**** AVAILABLE DATA ****
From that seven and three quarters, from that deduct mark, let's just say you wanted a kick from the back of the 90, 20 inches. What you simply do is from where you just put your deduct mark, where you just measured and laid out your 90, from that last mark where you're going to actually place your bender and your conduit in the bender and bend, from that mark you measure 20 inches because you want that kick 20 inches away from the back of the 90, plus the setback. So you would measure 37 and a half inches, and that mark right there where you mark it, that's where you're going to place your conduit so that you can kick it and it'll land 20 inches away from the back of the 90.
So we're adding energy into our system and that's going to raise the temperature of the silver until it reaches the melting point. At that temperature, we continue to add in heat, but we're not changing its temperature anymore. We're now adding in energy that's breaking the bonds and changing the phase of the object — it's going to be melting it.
****
**** AVAILABLE DATA ****
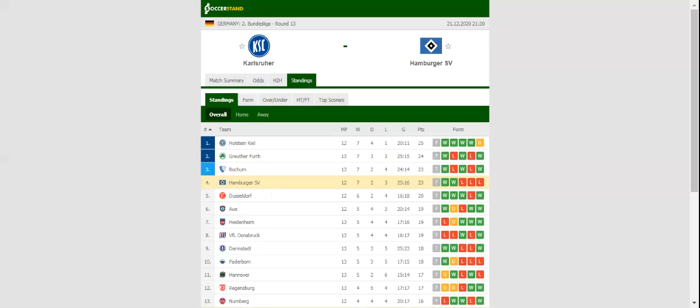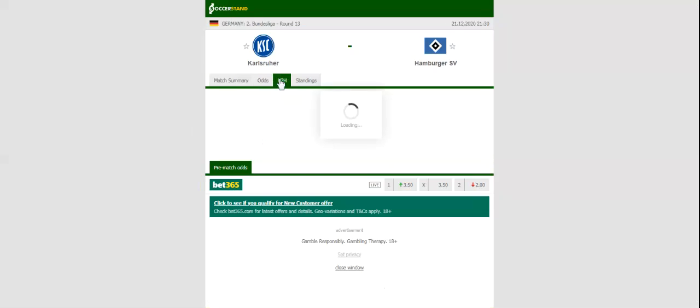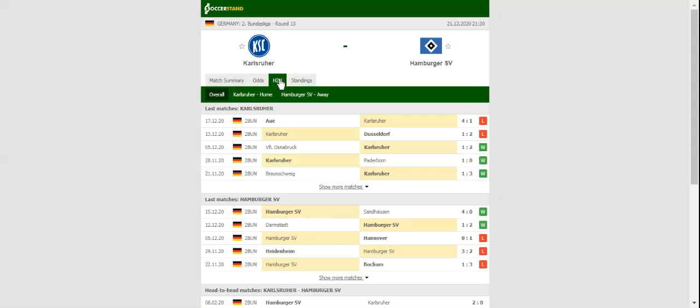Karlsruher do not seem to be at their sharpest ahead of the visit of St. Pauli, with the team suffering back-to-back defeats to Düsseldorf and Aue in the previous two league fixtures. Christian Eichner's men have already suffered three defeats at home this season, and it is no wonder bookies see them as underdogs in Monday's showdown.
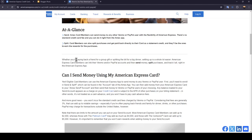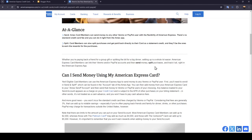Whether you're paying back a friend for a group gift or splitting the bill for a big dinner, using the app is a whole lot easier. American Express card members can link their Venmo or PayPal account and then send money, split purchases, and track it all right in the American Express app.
****
**** AVAILABLE DATA ****
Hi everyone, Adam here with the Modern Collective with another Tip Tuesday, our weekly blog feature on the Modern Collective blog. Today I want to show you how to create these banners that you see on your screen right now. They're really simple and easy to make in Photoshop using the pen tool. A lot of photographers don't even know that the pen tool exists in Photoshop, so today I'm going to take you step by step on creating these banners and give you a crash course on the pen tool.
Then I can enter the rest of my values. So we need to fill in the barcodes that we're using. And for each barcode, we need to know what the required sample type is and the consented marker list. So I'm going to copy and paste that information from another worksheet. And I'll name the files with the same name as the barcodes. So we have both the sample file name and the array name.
****
TASK:
What are the lines, exactly as written above, from the line with "From that seven" to the line with "So we're adding", both included? Output only those.

RESULT OF THE EXERCISE:
From that seven and three quarters, from that deduct mark, let's just say you wanted a kick from the back of the 90, 20 inches. What you simply do is from where you just put your deduct mark, where you just measured and laid out your 90, from that last mark where you're going to actually place your bender and your conduit in the bender and bend, from that mark you measure 20 inches because you want that kick 20 inches away from the back of the 90, plus the setback. So you would measure 37 and a half inches, and that mark right there where you mark it, that's where you're going to place your conduit so that you can kick it and it'll land 20 inches away from the back of the 90.
So we're adding energy into our system and that's going to raise the temperature of the silver until it reaches the melting point. At that temperature, we continue to add in heat, but we're not changing its temperature anymore. We're now adding in energy that's breaking the bonds and changing the phase of the object — it's going to be melting it.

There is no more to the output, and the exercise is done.